# Build and Search on Large Dataset with f16 Memory Optimization

This notebook demonstrates:
1. Loading large f32 dense dataset in batches using mmap (memory mapping) to avoid filling the memory.
2. Converting to f16/u16 format (halves the used memory).
3. Building dense f16 HNSW index.
4. Single query search and batch search.

In [None]:
import numpy as np
import os
from kannolo import DensePlainHNSWf16

## Step 1: Dataset Configuration

In [None]:
# Dataset configuration
data_folder = ""  # Path to your dataset folder
dataset_path = os.path.join(data_folder, "dataset.npy") # 1D array of f32 of len num_vectors * dim
queries_path = os.path.join(data_folder, "queries.npy") # 2D array of f32 of shape (num_queries, dim)

# Load dataset info to get dimensions
dataset_mmap_info = np.load(dataset_path, mmap_mode='r')
num_vectors, dim = dataset_mmap_info.shape
del dataset_mmap_info

# Load queries info
queries_info = np.load(queries_path, mmap_mode='r')
num_queries = queries_info.shape[0]
del queries_info

print(f"Dataset: {num_vectors:,} vectors of dimension {dim}")
print(f"Queries: {num_queries:,} vectors")
print(f"Dataset path: {dataset_path}")
print(f"Queries path: {queries_path}")

## Step 2: Load Dataset in Batches and Convert to f16/u16

In [None]:
# Load dataset using memory mapping to avoid loading all into memory
dataset_mmap = np.load(dataset_path, mmap_mode='r')
print(f"Memory-mapped dataset shape: {dataset_mmap.shape}")

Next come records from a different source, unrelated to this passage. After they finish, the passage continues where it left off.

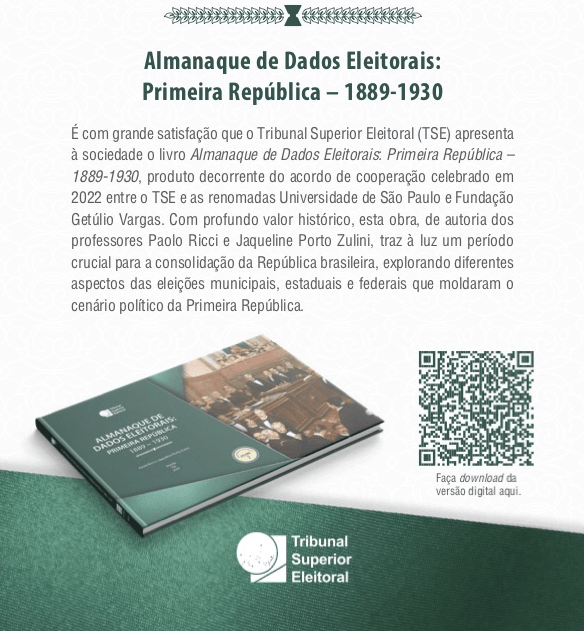 Almanaque de Dados Eleitorais: Primeira República – 1889-1930 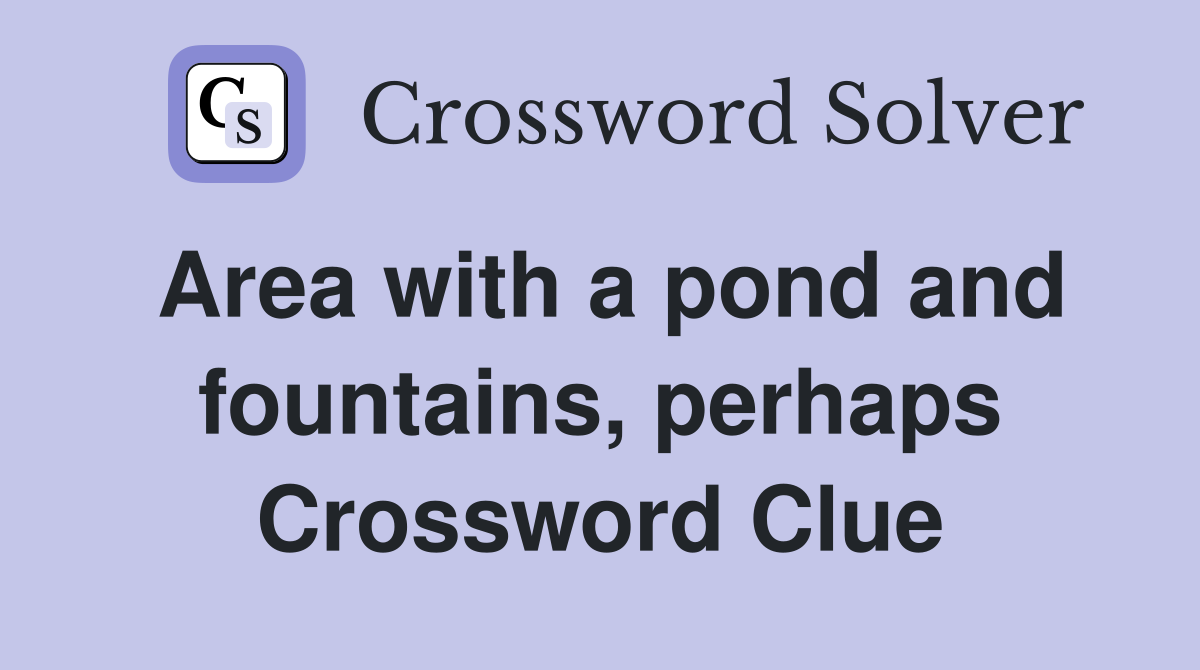Area with a pond and fountains, perhaps Crossword Clue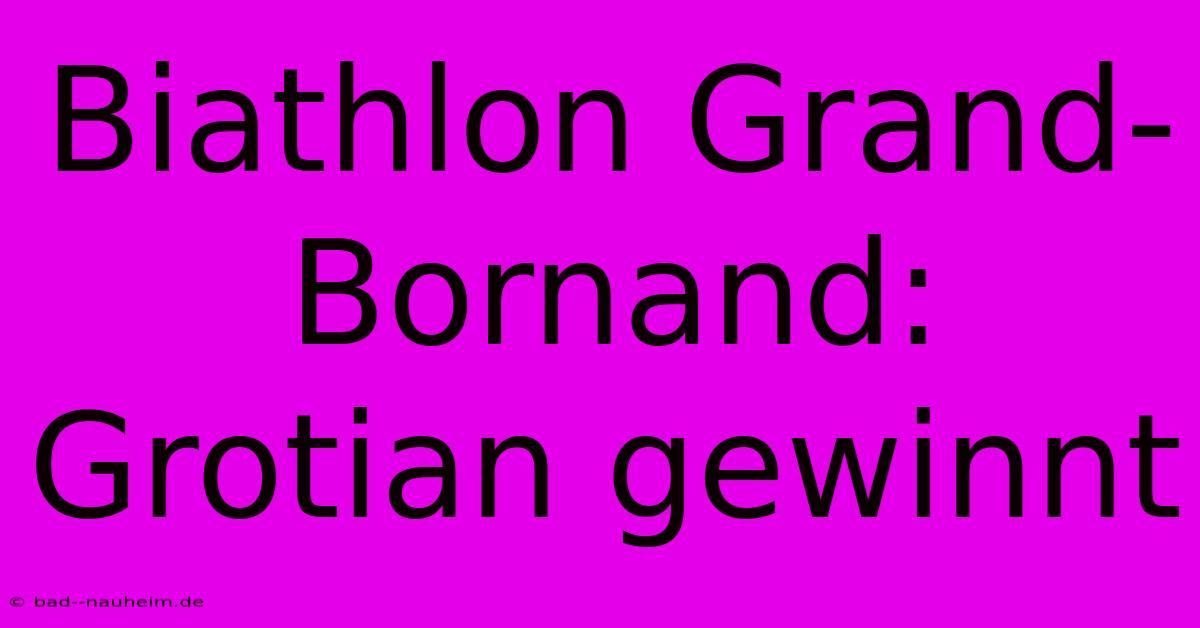 Biathlon Grand-Bornand: Grotian Gewinnt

# Process in batches to convert f32 -> f16 -> u16
batch_size = 10000
num_batches = (num_vectors + batch_size - 1) // batch_size

# Pre-allocate u16 array for the entire dataset
dataset_u16 = np.empty((num_vectors, dim), dtype=np.uint16)

print(f"Processing {num_batches} batches of size {batch_size}")

for i in range(num_batches):
    start_idx = i * batch_size
    end_idx = min((i + 1) * batch_size, num_vectors)
    
    # Load batch from memory-mapped array
    batch_f32 = dataset_mmap[start_idx:end_idx]
    
    # Convert f32 -> f16 -> u16 bit representation
    batch_f16 = batch_f32.astype(np.float16)
    batch_u16 = batch_f16.view(np.uint16)
    
    # Store in pre-allocated array
    dataset_u16[start_idx:end_idx] = batch_u16
    
    if (i + 1) % 2 == 0 or i == num_batches - 1:
        print(f"Processed batch {i + 1}/{num_batches}")

print(f"\nOriginal f32 dataset: {dataset_mmap.nbytes / 1024 / 1024:.1f} MB")
print(f"Converted u16 dataset: {dataset_u16.nbytes / 1024 / 1024:.1f} MB")
print(f"Memory savings: {((dataset_mmap.nbytes - dataset_u16.nbytes) / dataset_mmap.nbytes) * 100:.1f}%")

# Close memory map
del dataset_mmap

## Step 3: Build Dense f16 HNSW Index

In [None]:
# Build the f16 index from u16 data
print("Building HNSW index from f16 data...")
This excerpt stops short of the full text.